Sorry, I just read this, and now have Shakespeare on the brain. (WARNING: do not click that link if you don’t have at least 30 minutes to appreciate its brilliance. And come back here when you’re done. Thanks.) At any rate, this post owes much more to Martha Stewart than it does to good old Bill. I received Martha Stewart’s Dinner at Home for Christmas, and so far am loving the inspired seasonal menus and beautiful photography. I especially love the simplicity of the recipes – I get caught up in the kitchen, occasionally, and it’s nice to have a reminder that sometimes all you have to do is paint a hen with hoisin sauce and let it roast.
The recipe for hoisin-glazed hens calls for a two pound Cornish game hen per person, which sounds like a lot to me. Besides, the coquelets (in English: poussins, and in American: Rock Cornish hens) in the grocery store were only about a pound each. They had both white and yellow ones, and not seeing a price difference, I picked up one of each in order to find out the difference. Once home, I rubbed them with a mixture of chopped fresh ginger, chili peppers, garlic, and salt. I stuffed a few branches of cilantro into each cavity, and let the little guys rest for about 20 minutes while I preheated the oven and made the sauce for dessert. Right before I put them in the oven, I used one of my new pastry brushes (thank you, Mr. Bricolage) to cover the birds with a thin layer of hoisin sauce. Painting the stuff on was totally fun – one of those kitchen moments where I really wouldn’t rather be doing anything else. While the hens roasted, I got some rice going on the stove, then painted another layer of sauce on the already gloriously browned hens.

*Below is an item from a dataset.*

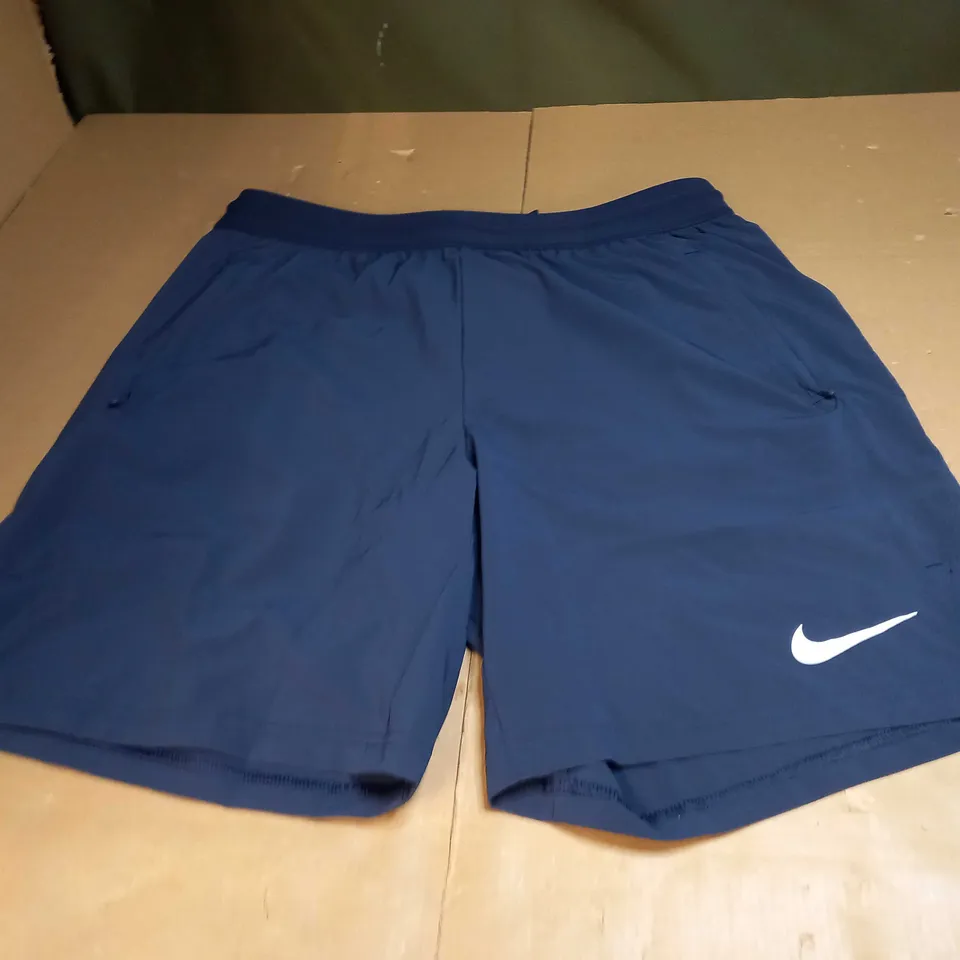 MENS NIKE LOGO SHORTS SIZE L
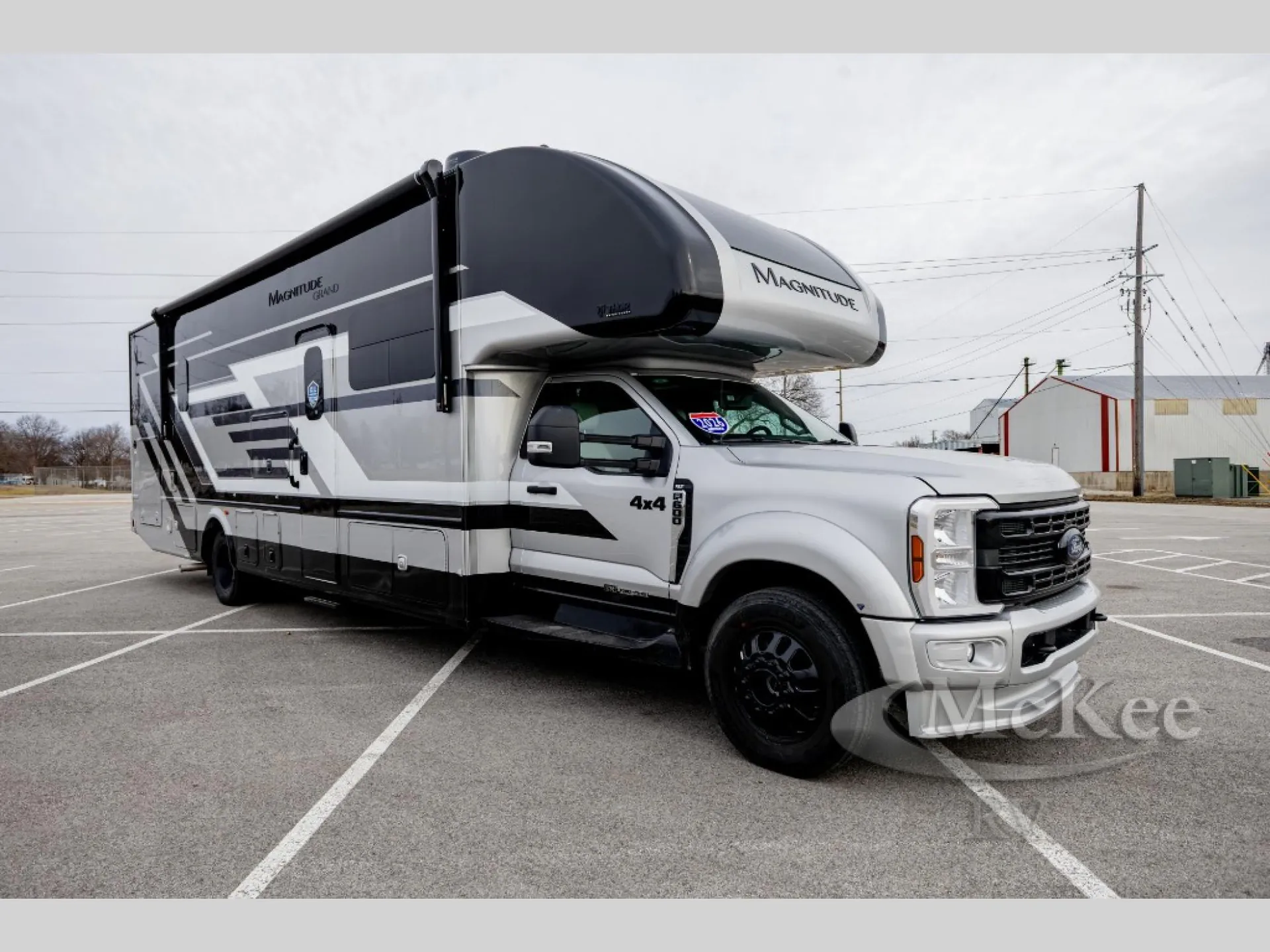 2026 Thor Motor Coach Magnitude R36 - Photo 2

Less than half an hour later, dinner was ready!
I served the juicy, flavorful hens with some homemade sorta-kimchee’d radishes and carrots. (Really, they were just pickled, with a little Thai fried chili paste mixed into the brine. None of that complicated fermentation stuff.) Nick and I switched hens halfway through the meal, to judge the merits of the two colors of hen. The consensus was that the white one was better for this purpose, i.e. roasting, while the yellow one might shine more in some kind of stewed or slow-cooked application (barbecue, anyone?).
For dessert, I took Martha’s suggestion to simply slice some kiwis and drizzle them with a jasmine tea syrup. I had to add some ginger to the simmering water, though, as I’m an incurable recipe-tinkerer. It made a delicious, light finish to the meal. I have some leftover syrup, and this time inspired by another Christmas gift, David Lebovitz’ The Perfect Scoop, I’m planning on using it to make a kiwi-jasmine granita. No ice cream maker required! If I had one, though, and I may, soon, if the gods of the Soldes see fit to smile on my quest, I might whip up a sorbet instead.